— Aim of the task —
Repeat nothing but the line that contains "679 SW 17th Ct" and the lines after it, through the end of the listing, exactly as they stand; omit pictures.

— Recorded data —
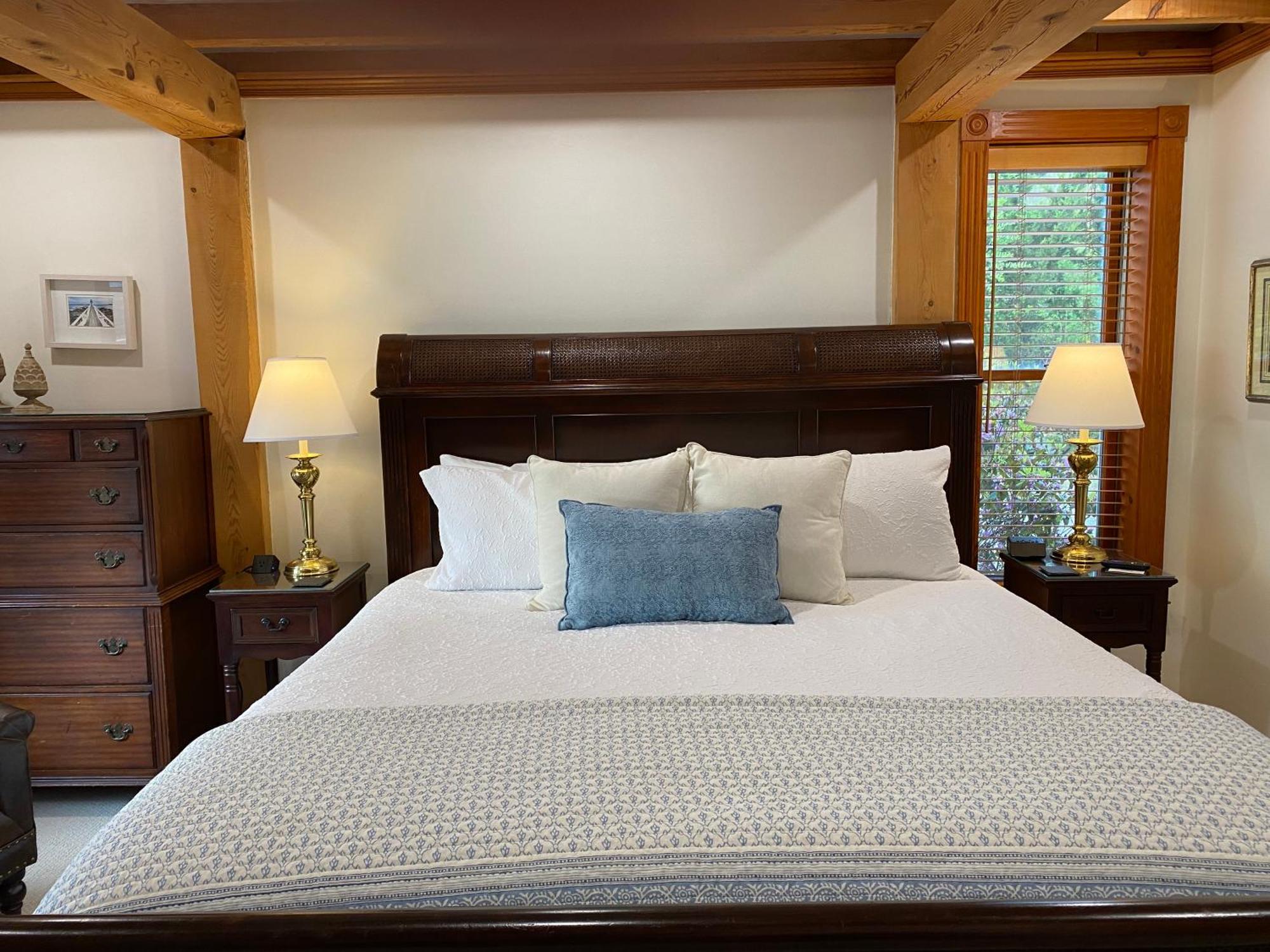 Spouter Inn Bed & Breakfast Линкълнвил Екстериор снимка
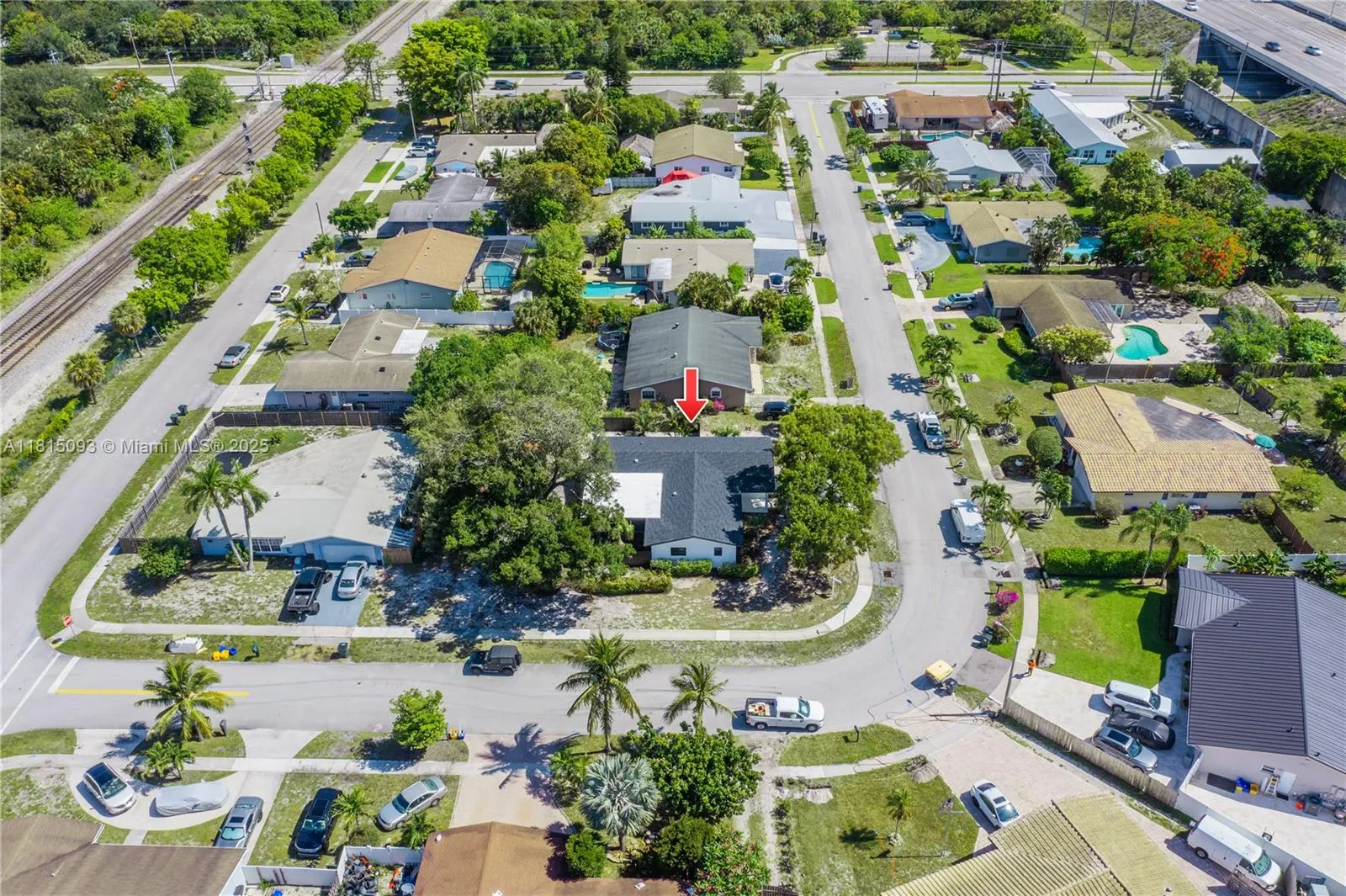679 SW 17th Ct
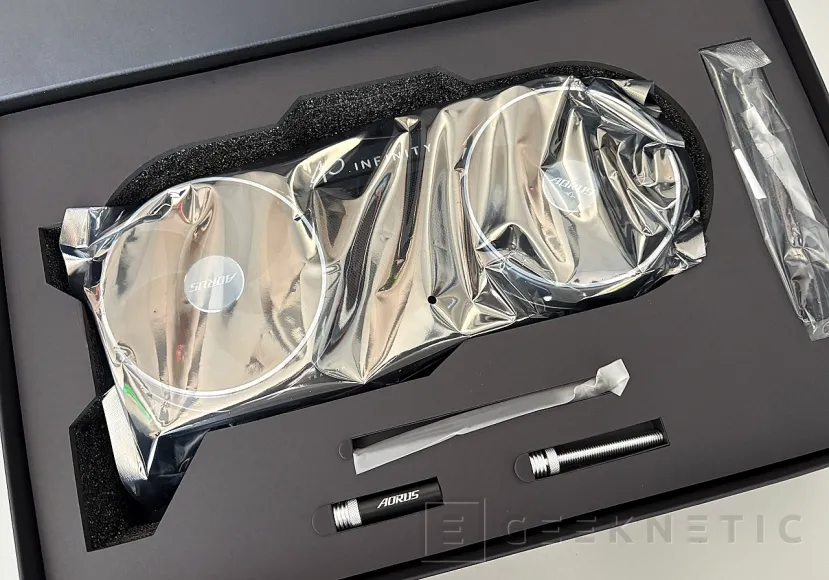 Geeknetic Gigabyte AORUS GeForce RTX 5090 INFINITY 32G Review: Gigabyte celebra su 40 aniversario son su gráfica más rápida y exclusiva 2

— Solution for this problem —
679 SW 17th Ct
 Geeknetic Gigabyte AORUS GeForce RTX 5090 INFINITY 32G Review: Gigabyte celebra su 40 aniversario son su gráfica más rápida y exclusiva 2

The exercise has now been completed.